Und das charakterisiert sehr deutlich so eine Art Geistvorurteil: der Geist hat nichts mit Materie zu tun, ist sozusagen reine Antithetik, und wenn man das umkehrt im Englischen, Materie, was ist das? Scher dich nicht drum. Und vieles, was über die Conceptual art gesagt wird, ist, dass sie genau diese Haltung einnehmen würde: der Geist schwebt über allem und die Materie interessiert nicht mehr. Ich möchte das eigentlich umgekehrt verstanden wissen: Dass tatsächlich eine Konzeptionsbildung entwickelt wurde, die genau diesen Knackpunkt, dieses Geistvorurteil unter seinen eigenen Voraussetzungen umkehrt oder aufsprengt.

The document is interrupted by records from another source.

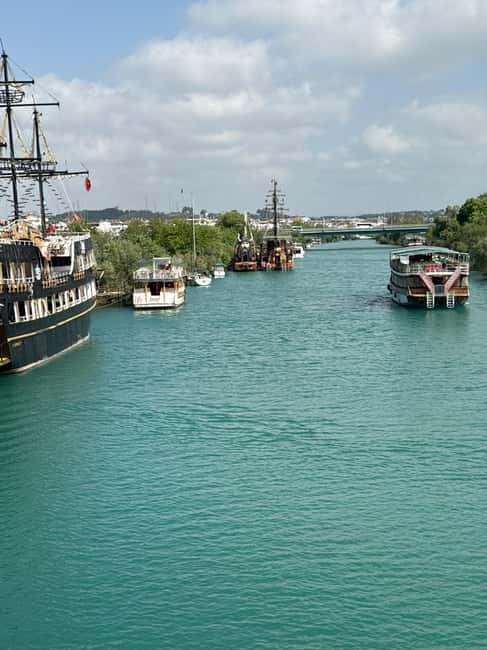 Manavgat Waterfall, Boat & Bazaar Tour from Alanya & Side - Value for $16: Is It Worth the Time?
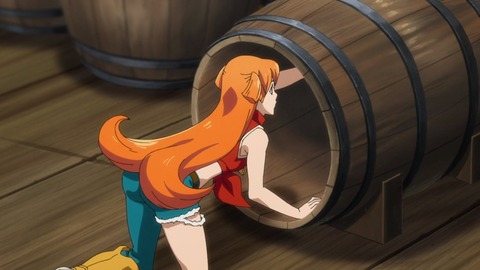 バック・アロウ 第16話 感想 ネタバレ 099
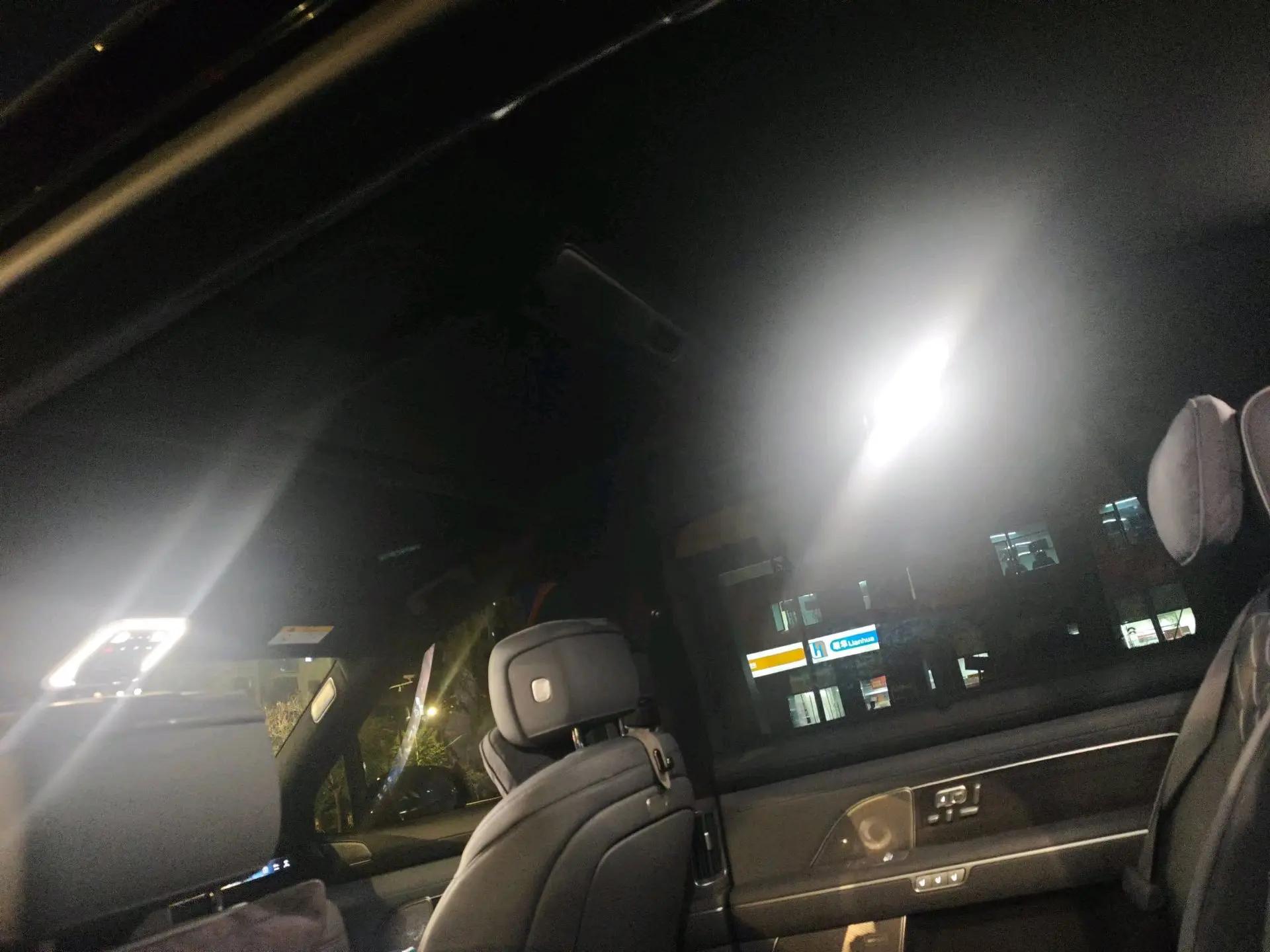 NIO 2026 ES8 6-Seater Executive Luxury Edition Automatic 4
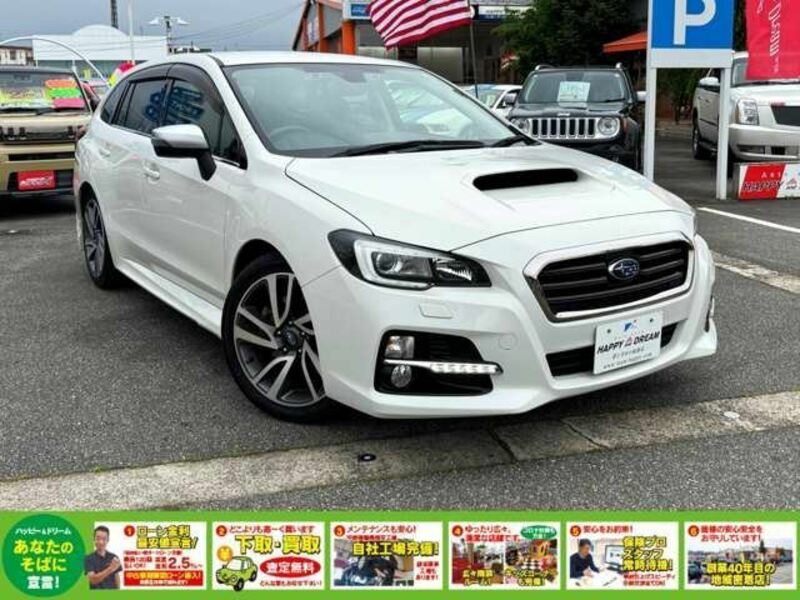 LEVORG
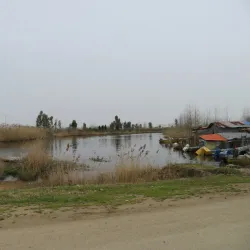 Fishing Spots Along the Caspian Coast - Kelachay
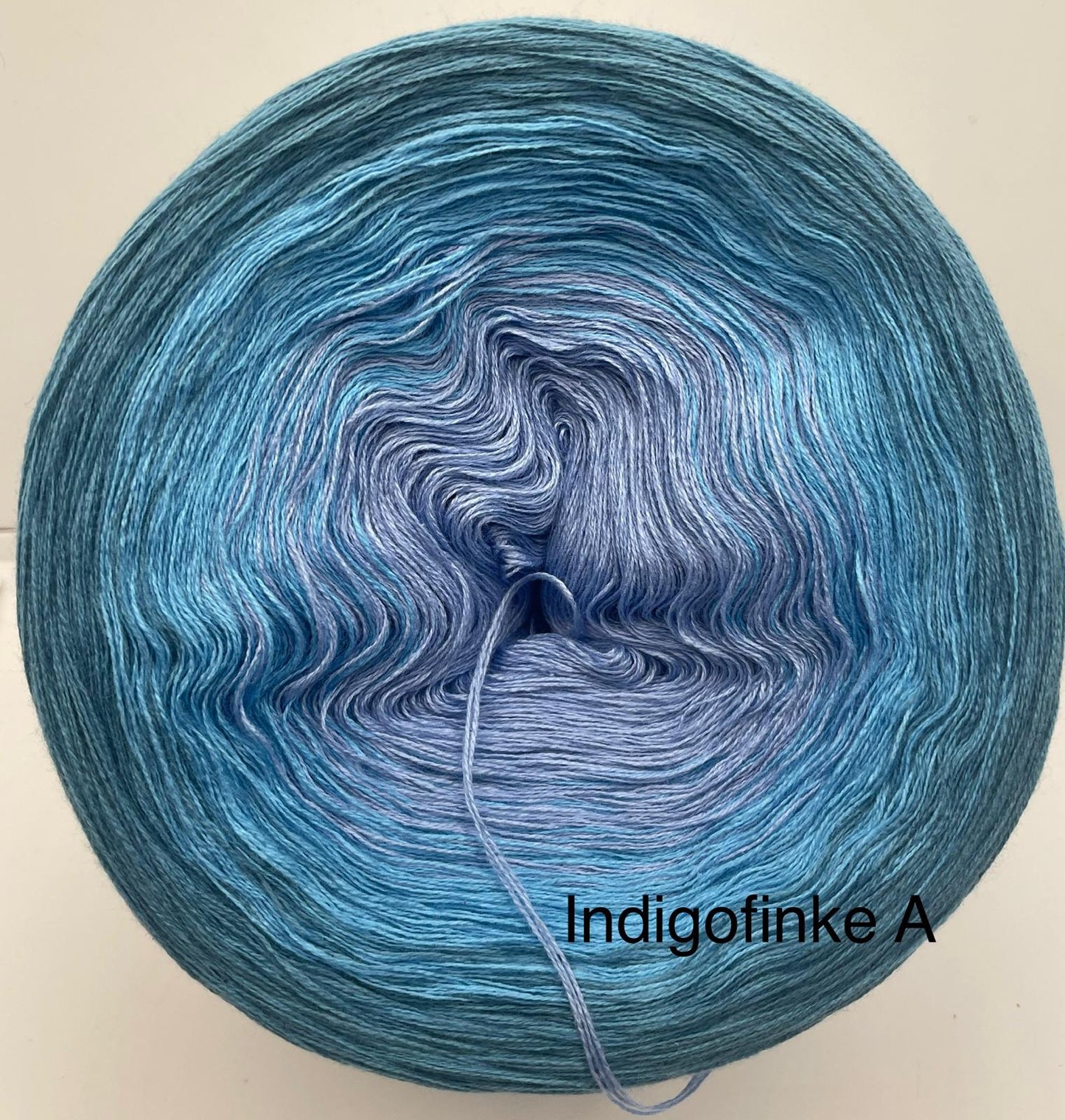 Indigofinke A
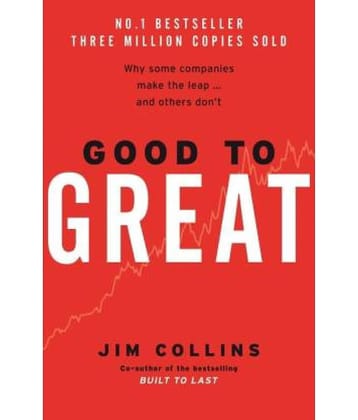 Good To Great  (Paperback, Jim Collins)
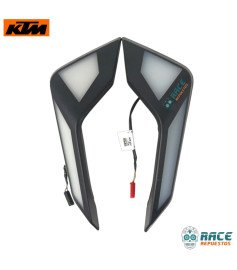 DLR Luz Derecho Izquierda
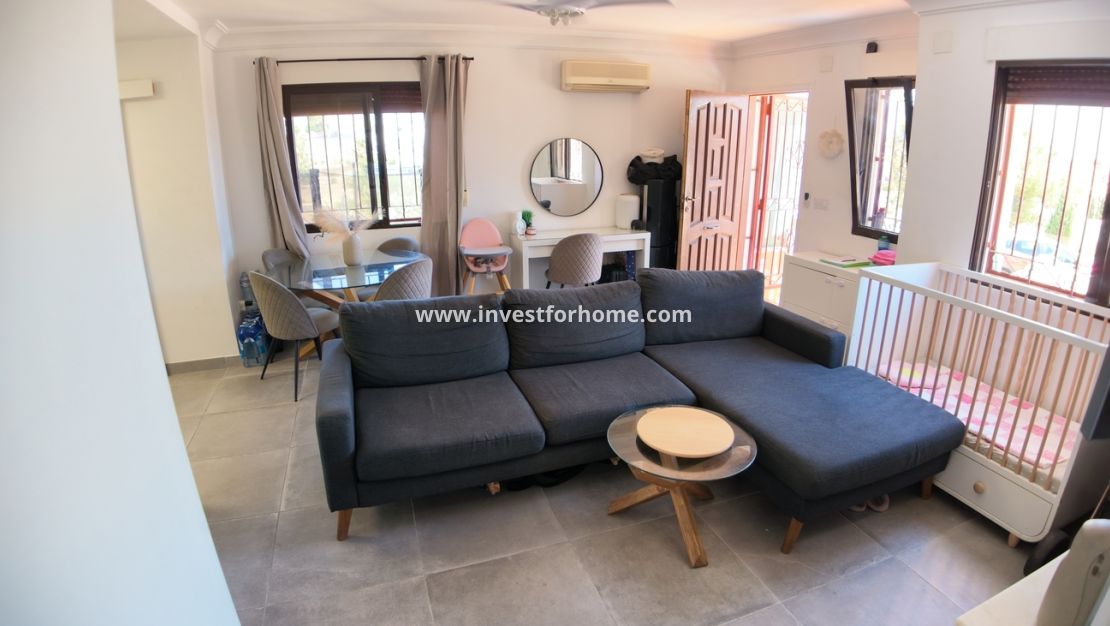 Sale - Villa - Orihuela Costa - Costa Blanca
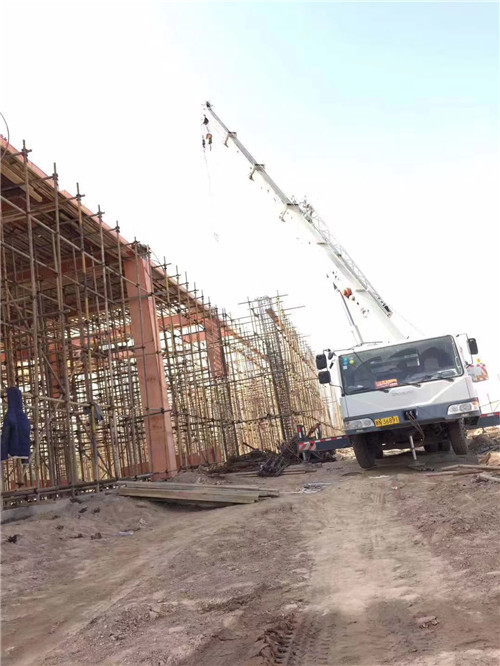 武都区25 吨、50 吨吊车怎么选？多大重量 / 半径适合对应车型？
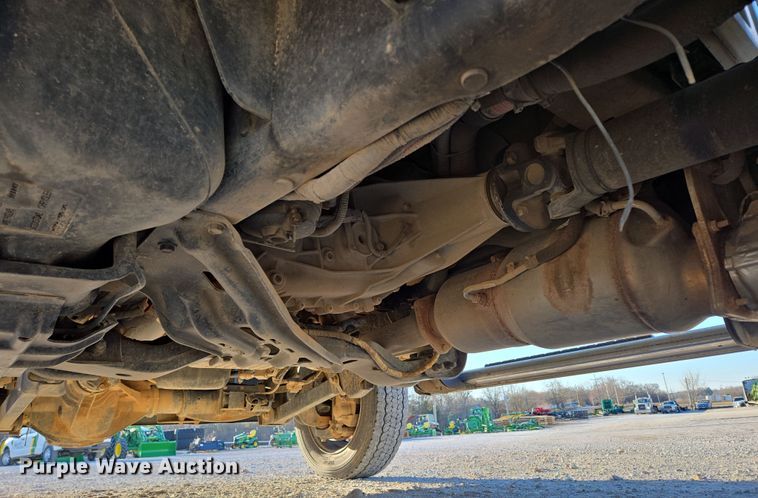 image for item DP6213 2020 Dodge Ram 5500 utility / service truck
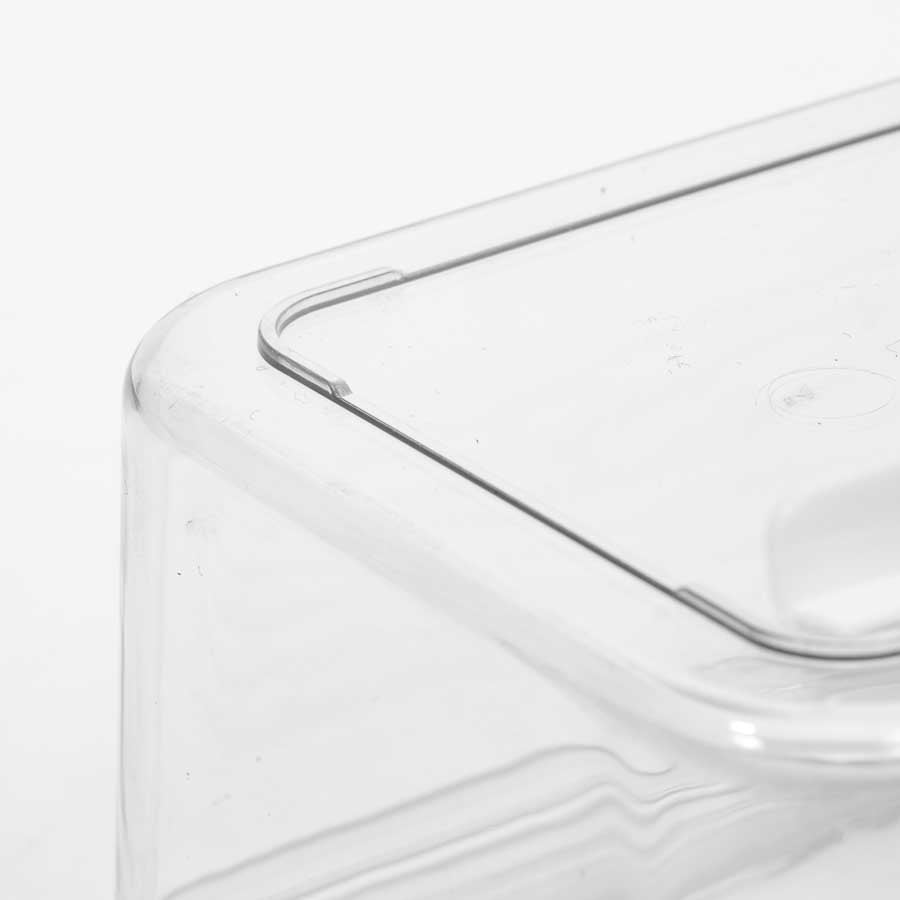 Caixa Organizadora com Tampa para Frigorífico FRESHNESS 1.6L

Selbst jemand wie Robert Barry mit seinen “One Billion Dots”. Die meisten Konzepte sind ja, alltagssprachlich gesagt, sehr dumm sozusagen oder stupide oder rein idiotisch – eine Million oder Milliarden Druckpunkte. Trotzdem wird dadurch die Materialität, die Physikalität von Information thematisch und andere Dinge. Und das ist etwas, was immer noch in der Diskussion über Conceptual art zu kurz kommt.

S.R.: Vielen Dank, Gregor Stemmrich.